---- LISTED ENTRIES

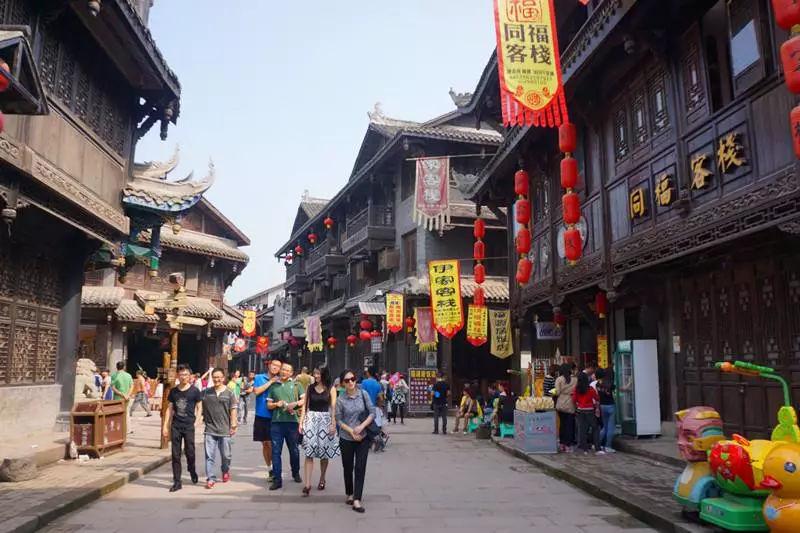 废弃精神病院逃脱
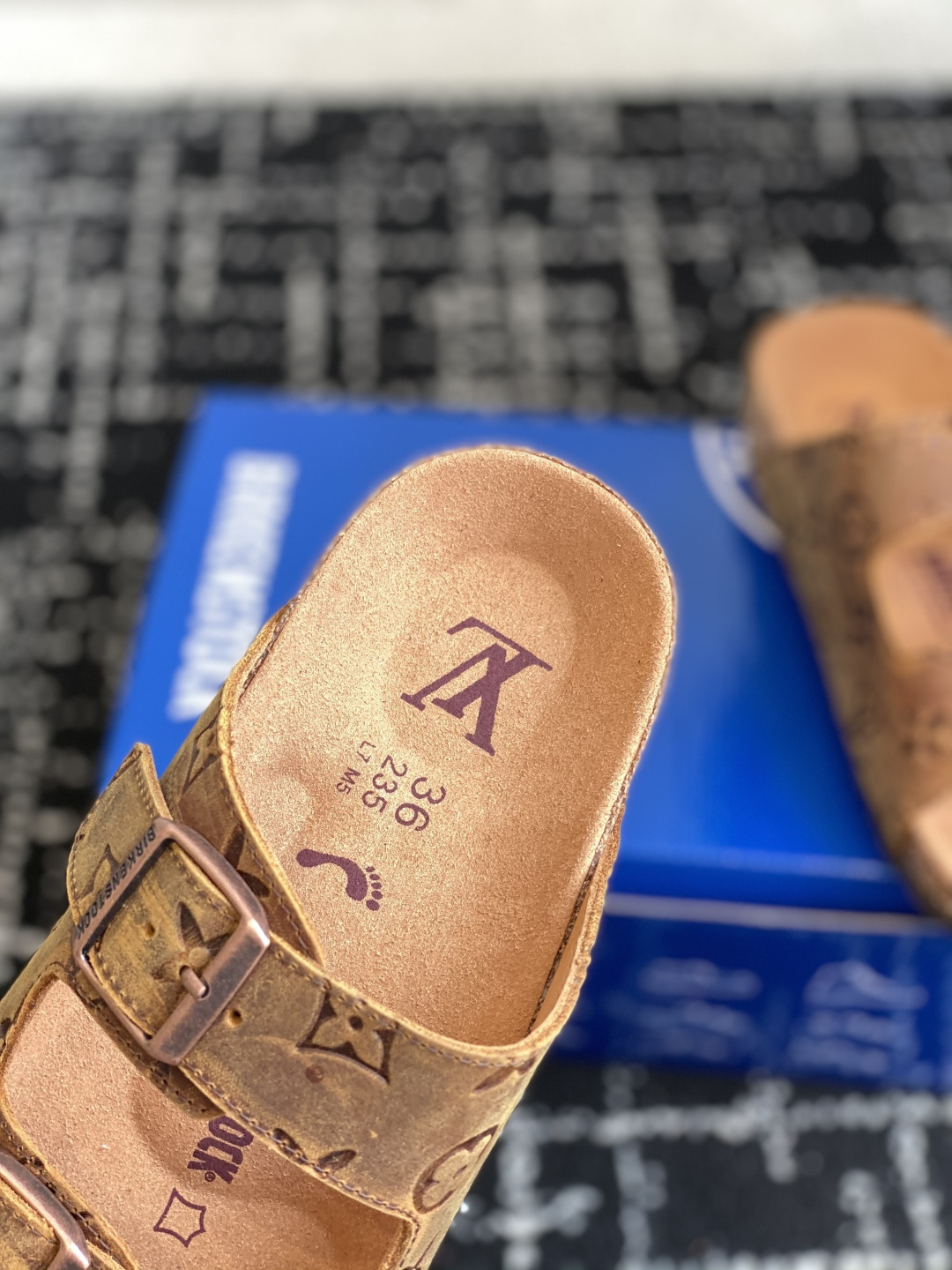 代购级
Birkenstock x 联名Lv 情侣款 系列 这两个品牌刚出联名我就心动了

代购找很久才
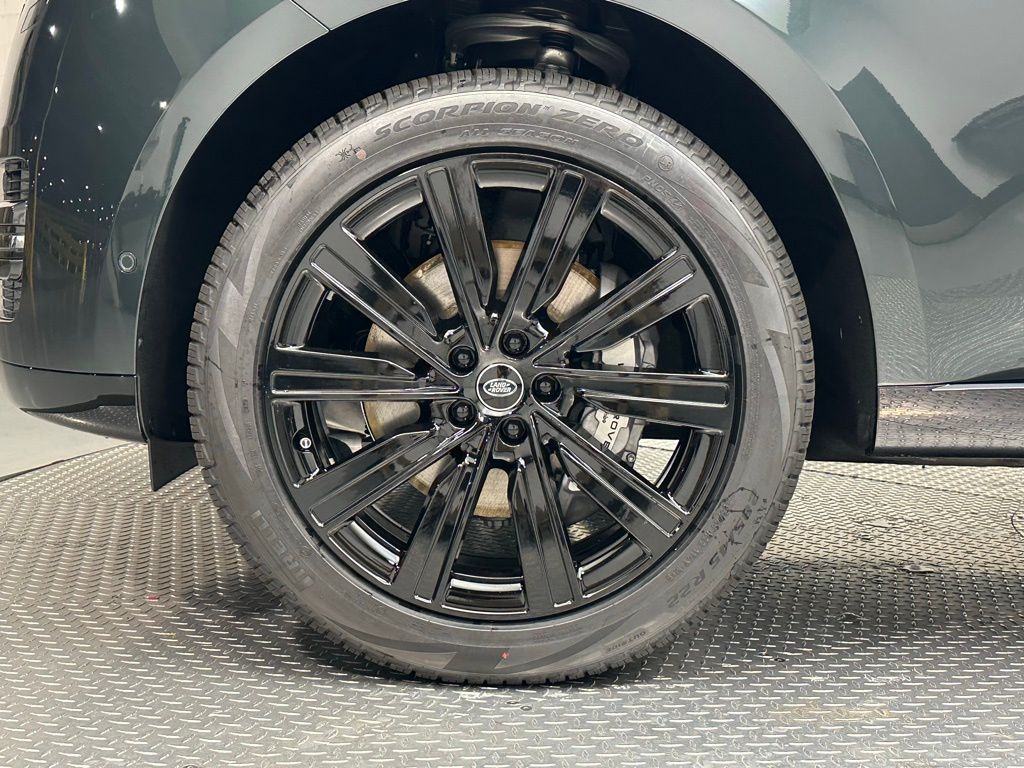 Thumbnail: 2025 Land Rover Range Rover - 5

--------

Each line of the data must be restated exactly, and the pictures must be left out.

 废弃精神病院逃脱
 代购级
Birkenstock x 联名Lv 情侣款 系列 这两个品牌刚出联名我就心动了

代购找很久才
 Thumbnail: 2025 Land Rover Range Rover - 5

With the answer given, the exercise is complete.